Habits are life's little shortcuts. They exist so that we don't have to think too hard about how to respond to the same old stimuli. Our mind makes connections between things and expects that these will continue to work for us. We call this leaning; and when the response become so ingrained that it happens without having to think about it, we call it a habit. Those that do not serve us well get labelled as bad habits. There are mind traps too, that we are born with or develop through conditioned behaviour. In this post I want to explore one of these, as well as habits in general, and the magic 50 hour rule.
Have you heard about anchoring? This is perhaps the most common of the many insidious mind traps that get to work on us when we make decisions. Our subconscious mind latches onto data that accompanies any moment in time. It might be relevant and therefore useful in decision-making, or irrelevant. And it gets tangled into our thinking process. Let me give you an example; one that deal with judicial sentencing or penalty.
We trust that legal professionals will reflect cause and effect in their judgements, relying on rational thought and precedent: the facts of the crime should result in a predictable penalty. However, in an experiment, a bunch of legal professionals were asked to think about sentencing parameters as they rolled dice and something concerning showed up.
Now, these are two unrelated tasks and should not interact, even though they occur within the same contextual moment. However, those who threw a high number went on later to choose a penalty at the highest end of possible options, despite the facts of the case. In contrast, those who threw a low number set a lower sentence. There is no sensible or rational explanation for this except that the mind was tricked into an anchoring bias which played out in the sentencing decision. Let's hope not too many judges go out and buy expensive cars before they mull over their next sentencing decisions!
Of course, there can be benefit in gathering many, seemingly irrelevant cues. These form the wallpaper for every state of mind and body, important in recreating memory. Intriguingly, they can even change us physically, winding back the clock to the way we were in that past moment. This might sound impossible, however Ellen Langer, a social psychologist at Harvard University, has built a professional career around discoveries in this area.
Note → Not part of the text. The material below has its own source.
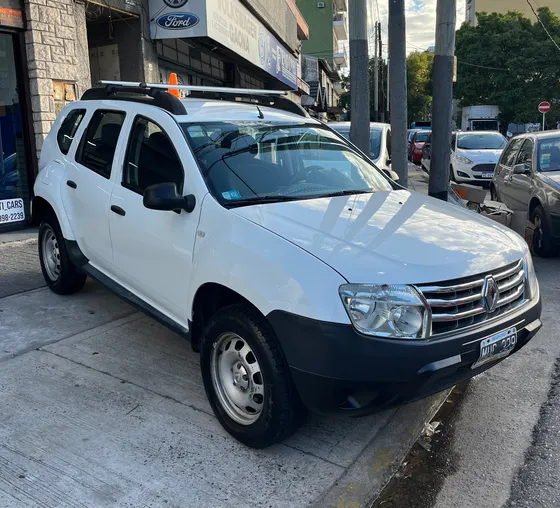 Renault Duster 1.6 4x2 Confort Plus 110cv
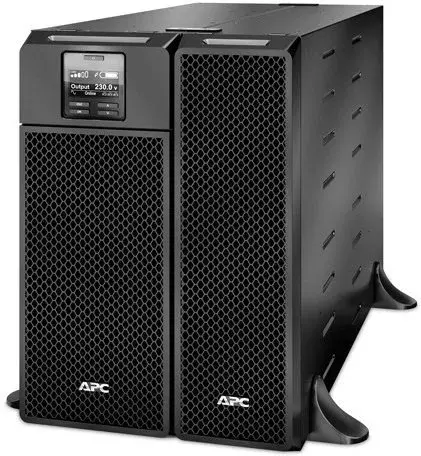 ДБЖ APC Smart-UPS Online 6000VA/6000W, RT 4U, LCD, USB, RS232, 6xC13, 4xC19 - фото - №4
In her book, Counterclockwise: A Proven Way to Think Yourself Younger and Healthier, Langer documents how she placed an elderly group of individuals in a house-based environment that replicated one existing in their youth, back in the 1950s. Quickly, the frailty in these people fell away; confidence returned. The process of immersion used architecture, layout, fittings, and music from that earlier period, like a time-warp, and pulled them back into a time past when health and stamina were better. At the end of the week participants had laid aside walking aids, no longer stumbled, and showed a younger state of mind; in fact, many were even playing touch football in the yard.
For another astounding study that serves to illustrate that the information the mind pays attention to, even subconsciously, physically affects us, see here. This one shows how hotel cleaners who expected their work tasks to improve their physical health actually found this to be the case; even showing up improvements measured through blood tests.
As for habits, the brain grows around the link-up of information and the usual response we provide, kind of hard-wiring it into place. Undoing such conditioning, if that is what we want to do, appears best achieved by removing access to the cues or environment in which they occur (see the full paper here). Although the strategy can mean removing our self from certain environments we are used to frequenting; because the cue is embedded here, like the smell or sounds where we gamble, smoke, or compulsively behave in other ways. The alternative is to battle brain structure and chemistry with the kind of mental discipline few seem to have, coupled with constant vigilance. But there is good news.
The brain is plastic and will remould to support us, whether we are breaking or making a new positive habit. But it takes time. How much? Well, research shows that this amounts to 50 hours of use in this new link-forming state. And while this time can be achieved all in one block, more often we come at the task in chunks of time, for example an hour a day, or even in 30 minute sessions. This 50 hour rule maps out how much time it takes to fix brain changes in place. Perhaps it even explains why we take about a week (50 hours of wakeful time) to wind down after going on holidays.